Becoming a mentor is one way that professionals can give back.



Patty Alper’s passion is mentoring. She is president of the Alper Portfolio Group, a marketing and consulting company, and is a board member of both the Network for Teaching Entrepreneurship (NFTE) and US2020, the White House initiative to build mentorship in STEM careers. Her new book, Teach to Work: How a Mentor, a Mentee, and a Project Can Close the Skills Gap in America, provides a compelling argument for starting mentor programs in organizations and communities around the world.


The Joy of Mentoring

Mentoring is your passion. What are a few lessons that you’ve learned from your work mentoring so many inner city high school students?

I’ve learned that the impact you can have on students can be even greater than you ever imagined. And it is wonderful. Consider this: so often these youth have absolutely no connection to successful, professional adults. When you mentor, you become their ambassador to a future world of commerce, which is often remote, complex, scary and seemingly unattainable.  I have found an intergenerational connection forms particularly when you share your own life trajectory.  And not the cocktail-party jargon about Mr. Success either, but more the vulnerable mishaps and the bumps and turns along the way.  When you piece together life’s uncertainties with strategies that turn out well, you offer kids a truly relatable journey. It’s as if you have said, subliminally, “If I can, YOU can.”

When you enter into mentorship, you do so blindly.  You enter without a return-on-investment in mind but simply a prospect for potential. This phenomenal exchange can result in an unanticipated “light bulb” moment.  What I’ve learned is that you might actually set a ripple in motion.  After 1500 student letters I’ve received over the course of 15 years of mentoring, I’m witness to a mentor’s impact that is unforeseen.  Students, who look like they are not even listening or engaged, write to proclaim gratitude for an obscure detail you thought went unnoticed. Indeed, some mentees have stayed in touch and are young adults now— in their thirties—who have become entrepreneurs, educators, fashionistas, or preachers. Interestingly, the highest compliment of all is that they, too, are paying it forward. What I’ve learned is that you cannot forecast the genuine awe that occurs when you help another and the crescendo of that ripple effect.



What are a few of the benefits of corporate mentoring with students?

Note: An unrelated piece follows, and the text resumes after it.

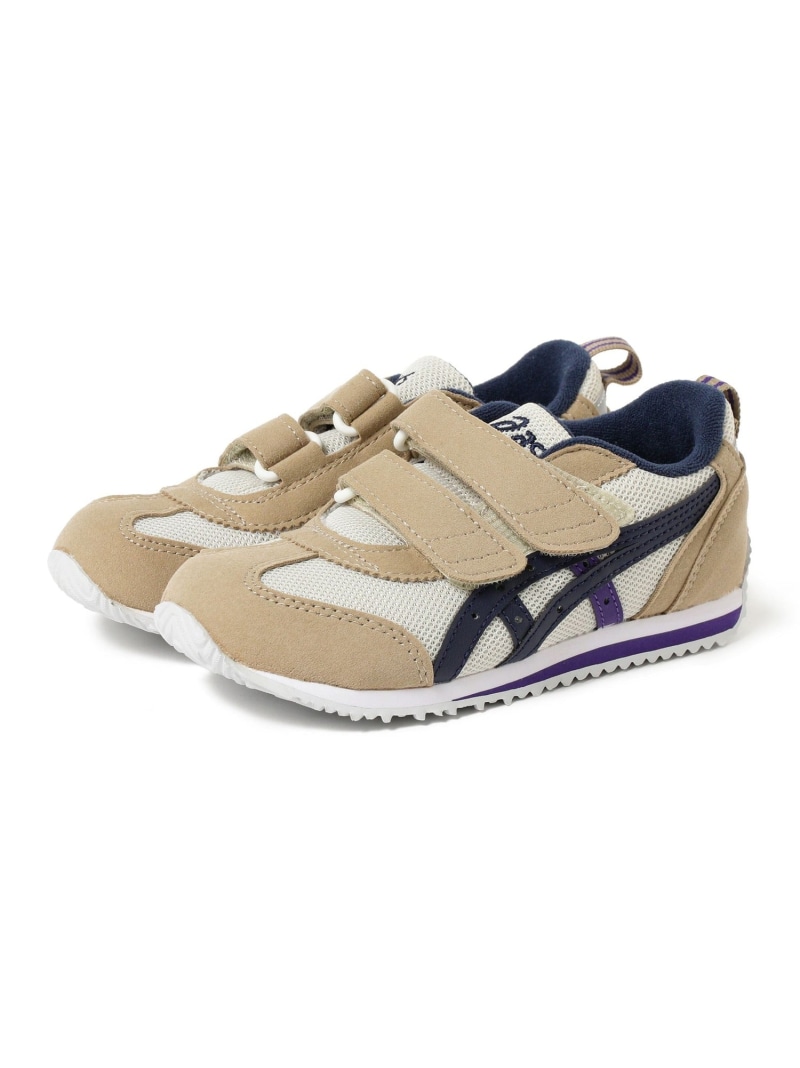 こども ビームス ASICS / IDAHO MINI 4(16~22cm) 入学 入園 新学期 25SS コドモ ビームス シューズ・靴 スニーカー ピンク ブルー イエロー ベージュ【送料無料】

The difficulty with answering this question is keeping it to a “few.” Starting with the mentor, the benefits include the connections and friendships you make. You meet incredible, knowledge-craving students who will cherish every day that you make time for them. Also, you get to know your fellow employees, from senior management to administration, in a wholly new, shared experience of giving back. These positive experiences are brought back to the workplace and ultimately impact the culture.

Indeed, one of the benefits of offering corporate mentorship is that millennials prefer to work for a company with a robust corporate social responsibility program.  Therefore, more qualified employees will seek jobs there. I believe they want to engage in good works activities that they might not be able to find or fund of their own volition. Employees feel a greater sense of loyalty to a company that isn’t solely profit driven but is a “company with a soul.”

Lastly, the employees find a unique way in which they can serve their company by sharing their professional knowledge as ambassadors in the community. Will those mentees go home and tell their parents about you and the company you work for? You bet. Will the school remember the corporation when it comes time to send their finest students for potential employment? Absolutely. And will an employee find like-minded people within the corporation who will all want to build on the mentoring connection you have? Almost immediately.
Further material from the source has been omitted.